Without the images, repeat every line of the listing verbatim.

== Dataset extract

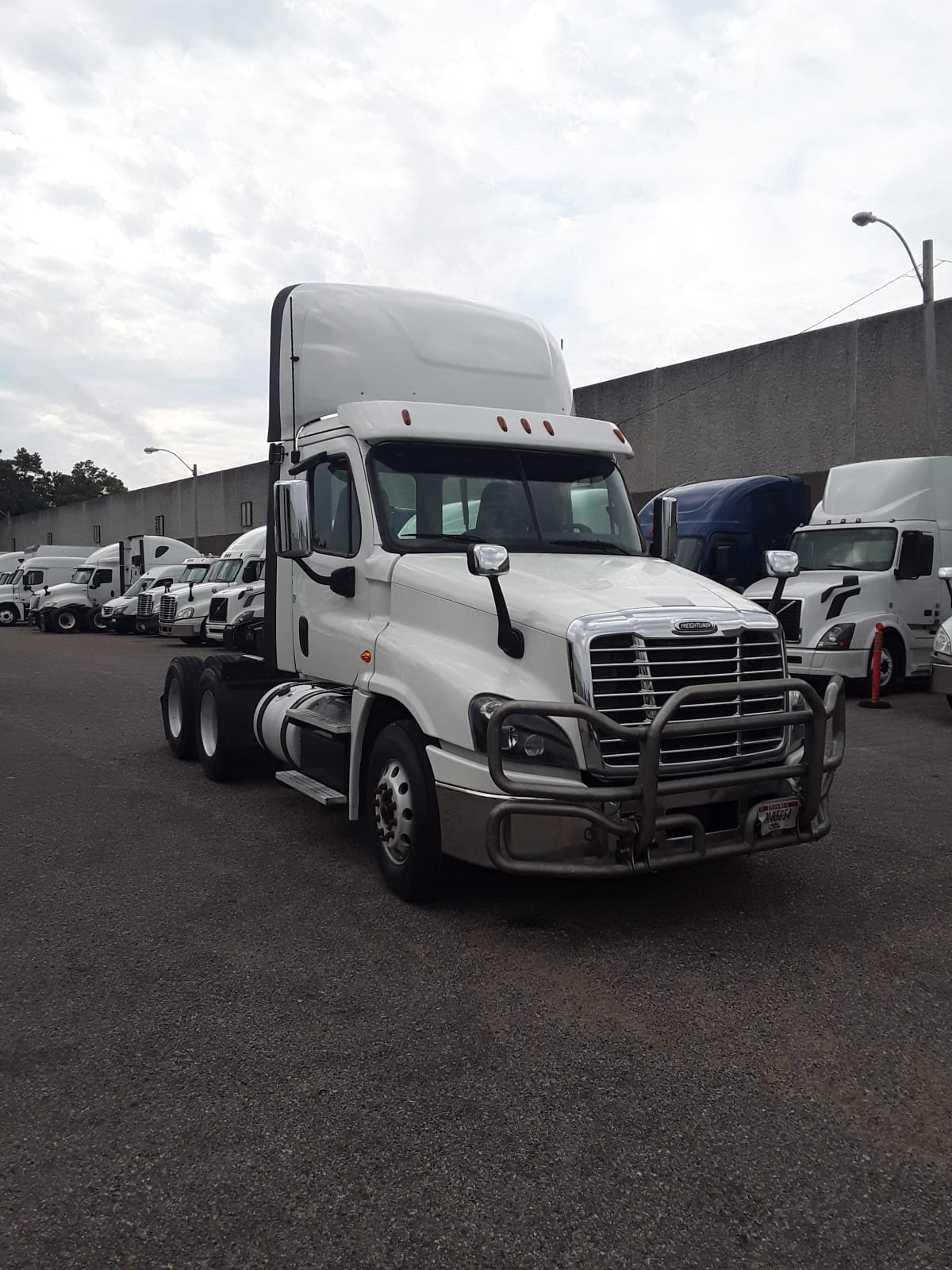 Freightliner/Mercedes CASCADIA 125 VEH-789734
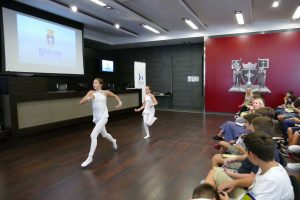 Javni čas znakovnog jezika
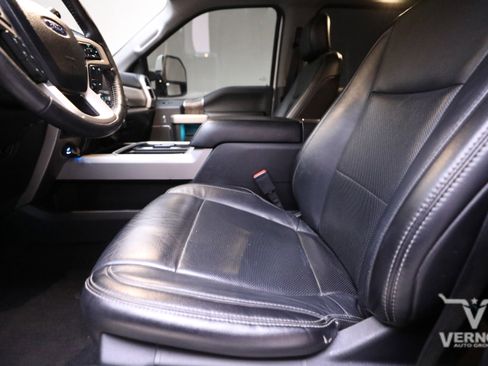 Used 2019 Ford F250 Lariat w/ Lariat Ultimate Package image 10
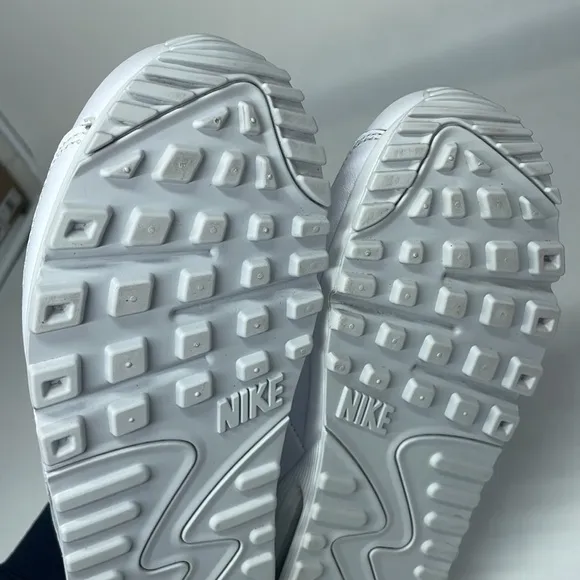 Women’s Nike AirMax 90 SE White/Glossy FJ4579-100 USED Size 9.5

====

> **Exercise answer**:
 Freightliner/Mercedes CASCADIA 125 VEH-789734
 Javni čas znakovnog jezika
 Used 2019 Ford F250 Lariat w/ Lariat Ultimate Package image 10
 Women’s Nike AirMax 90 SE White/Glossy FJ4579-100 USED Size 9.5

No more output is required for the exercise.